Required action:
Scan the records below for the line with "Bej Basic Çıtçıtlı Gömlek-3" and the line with "Hoge zichtbaarheid softshell". Repeat those two lines and every line between them exactly, and nothing else.

Data shown:
----------
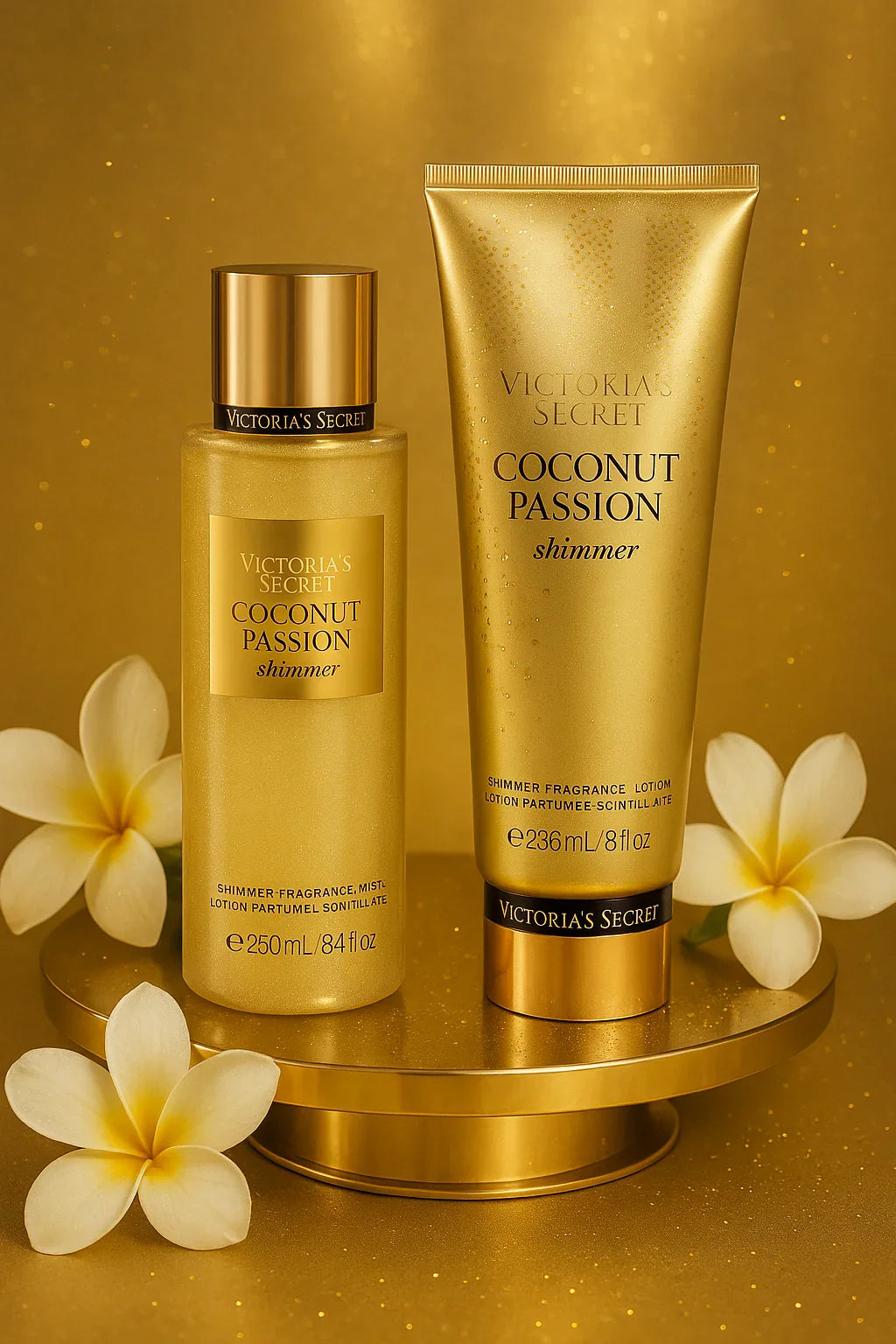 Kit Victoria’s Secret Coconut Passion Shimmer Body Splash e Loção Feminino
----------
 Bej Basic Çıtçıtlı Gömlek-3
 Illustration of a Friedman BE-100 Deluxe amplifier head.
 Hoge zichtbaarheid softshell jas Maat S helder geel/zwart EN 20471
----------
Written response:
 Bej Basic Çıtçıtlı Gömlek-3
 Illustration of a Friedman BE-100 Deluxe amplifier head.
 Hoge zichtbaarheid softshell jas Maat S helder geel/zwart EN 20471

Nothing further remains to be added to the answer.